Chelo (Iranian plain rice with butter)
12 oz / 350g long-grain rice, washed thoroughly under cold water and drained (I used basmati)
2 tablespoons salt
2 ¾ pints / 1.65 litres water
2 oz / 50g butter, melted
4-6 individual pats of butter
4-6 raw egg yolks (depending on the number of servings)
A sprinkling of sumak - a lemony spice
Place the rice in a deep pan, add half the salt and enough cold water to cover it by about 1in / 2.5cm, and leave it to soak for 2 hours.
Bring 2 ½ pints / 1.5 litres of the water to a boil in a heavy saucepan with a close-fitting lit (make sure you use a wide and deep one).Drain the rice thoroughly in a sieve, then pour it slowly into the boiling water and add the remaining salt. Stir it a few times and then boil, uncovered, for 5 minutes.

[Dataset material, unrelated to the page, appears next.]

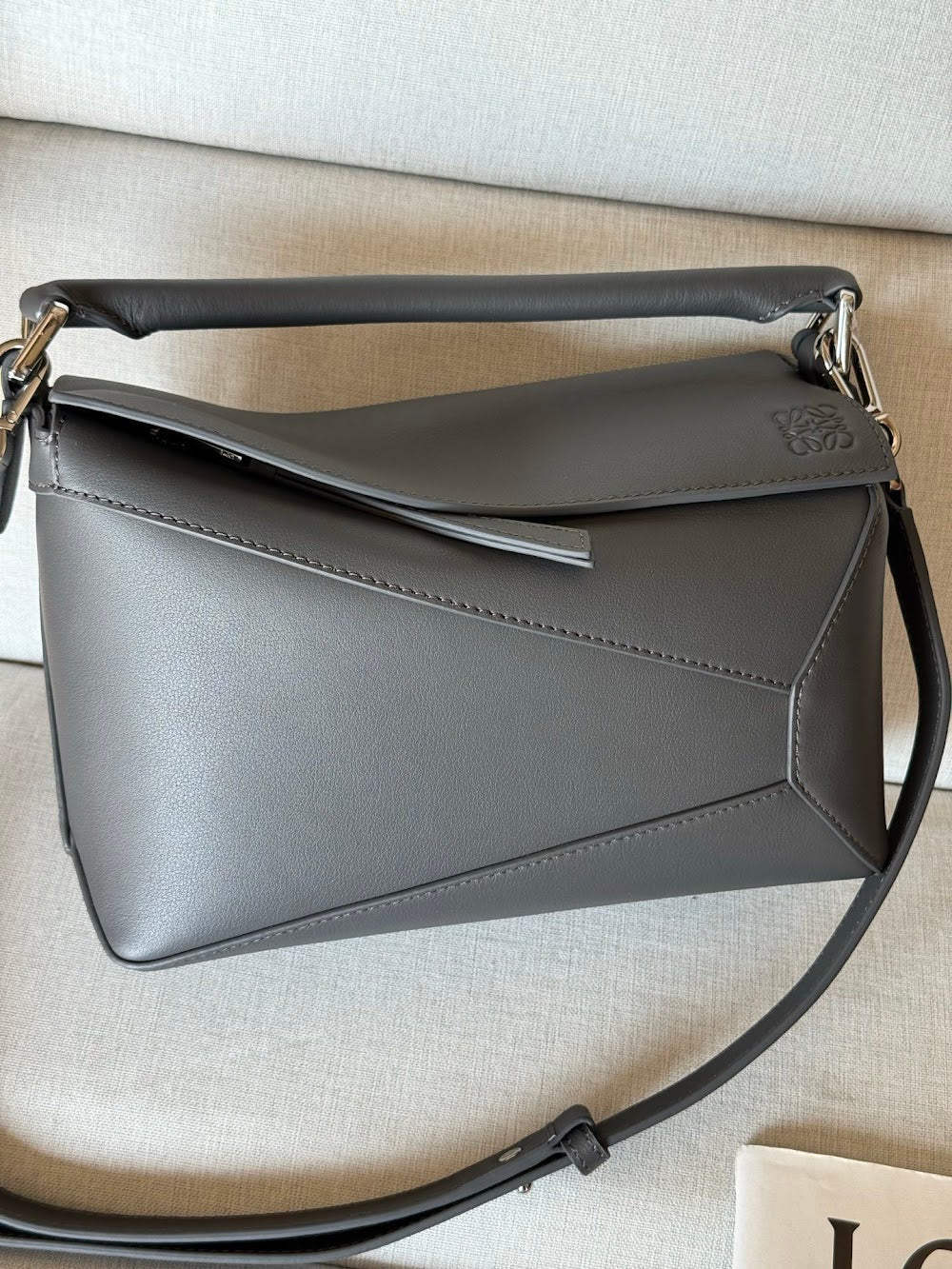 Dragons Bags Lowen Luxury Bag --100148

Drain the rice into a sieve. Pour ¼ pint / 150ml water and half the melted butter into the saucepan; add the rice. Pour the remaining melted butter over the top.
Cover the pan with a tea towel, then fit the lid on and lift the ends of the cloth on to the lid so that there is no danger of them burning or catching fire.

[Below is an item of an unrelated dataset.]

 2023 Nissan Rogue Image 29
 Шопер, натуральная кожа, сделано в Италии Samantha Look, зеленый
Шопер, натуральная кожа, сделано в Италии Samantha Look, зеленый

Steam the rice over very low heat for about 25-30 minutes, until the grains have become tender and the liquid has been absorbed.

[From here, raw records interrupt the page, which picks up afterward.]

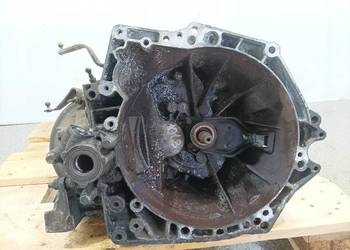 SKRZYNIA BIEGÓW 20DP37 1.6 HDI Peugeot Partner I (1996-2008)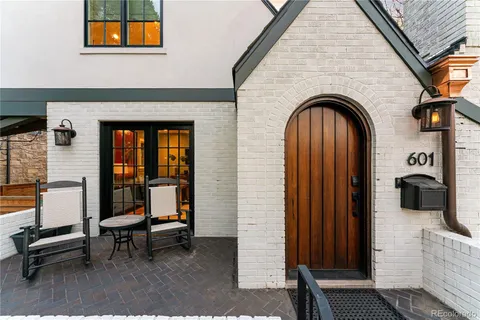 $2,795,000 | 601 South Race Street, Denver, CO 80209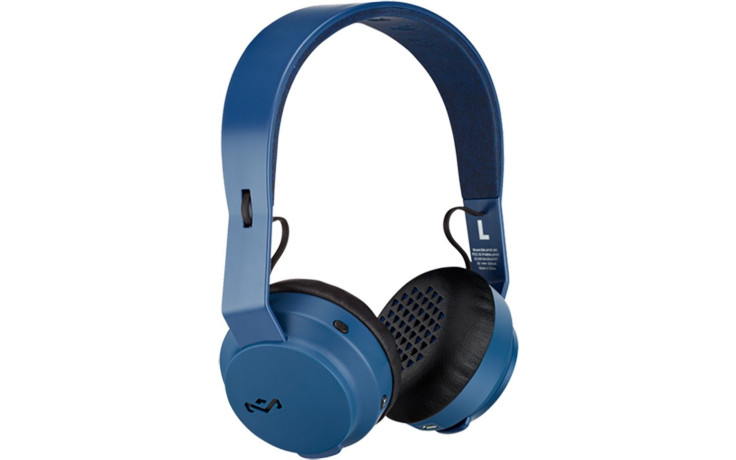 Marley EM-JH101-NV Rebel BT Navy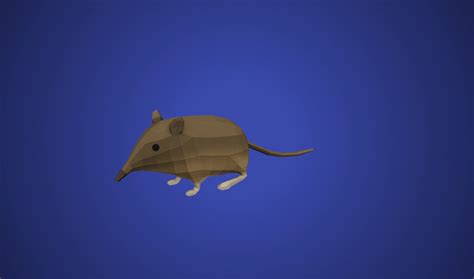Desert Download Free 3d Models Poly Pizza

To serve, place a pat of butter and an egg yolk on top of each individual portion and sprinkle with sumak. The whole lot is then mixed together and usually eaten with a spoon.
Note: I didn't have sumak so I mixed a little ground saffron in about ¼ cup hot water and poured it over the top of the rice before steaming. I also left out the pat of butter and servinged with the egg yolk and yoghurt.
Pairs Well With
On my journey to become a vegetarian, I found this book by Arto Der Haroutunian, "Vegetarian Dishes from the Middle East" filled with lots of great and yummy recipes. I tried this one today and, although my rice got a little pasty from using the wrong pan, it was pretty good. Here's Arto Der Haroutunian's comment on the recipe: "Iranians are the past masters of preparing rice. No other cuisine, including the Indian and Chinese, can match its wealth in colour, content and taste. Chelo is a great rice pilav of Iran. As well as being the most popular, chelo is also one of the simplest to make. It's often eaten 'as it comes' with a little yoghurt spooned over the top."